TASK GOAL: Your job is to retype the records exactly while dropping every picture.

Saved entries

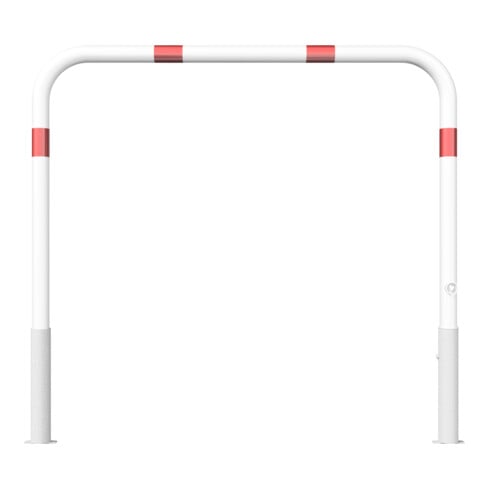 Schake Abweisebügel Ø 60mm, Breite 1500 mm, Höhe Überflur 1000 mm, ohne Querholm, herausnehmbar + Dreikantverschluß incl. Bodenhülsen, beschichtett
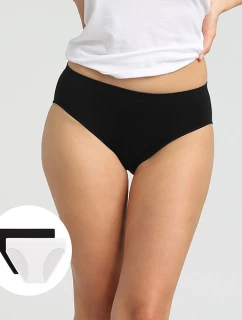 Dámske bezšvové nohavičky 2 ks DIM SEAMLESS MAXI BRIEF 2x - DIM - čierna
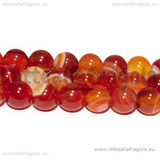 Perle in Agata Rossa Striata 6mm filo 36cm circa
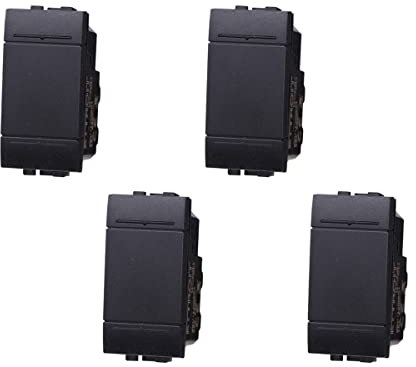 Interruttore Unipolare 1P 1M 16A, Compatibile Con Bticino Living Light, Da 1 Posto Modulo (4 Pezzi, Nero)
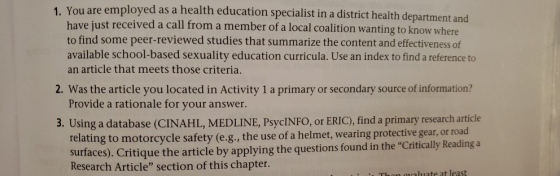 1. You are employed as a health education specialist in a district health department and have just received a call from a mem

RESPONSE BOX:
 Schake Abweisebügel Ø 60mm, Breite 1500 mm, Höhe Überflur 1000 mm, ohne Querholm, herausnehmbar + Dreikantverschluß incl. Bodenhülsen, beschichtett
 Dámske bezšvové nohavičky 2 ks DIM SEAMLESS MAXI BRIEF 2x - DIM - čierna
 Perle in Agata Rossa Striata 6mm filo 36cm circa
 Interruttore Unipolare 1P 1M 16A, Compatibile Con Bticino Living Light, Da 1 Posto Modulo (4 Pezzi, Nero)
 1. You are employed as a health education specialist in a district health department and have just received a call from a mem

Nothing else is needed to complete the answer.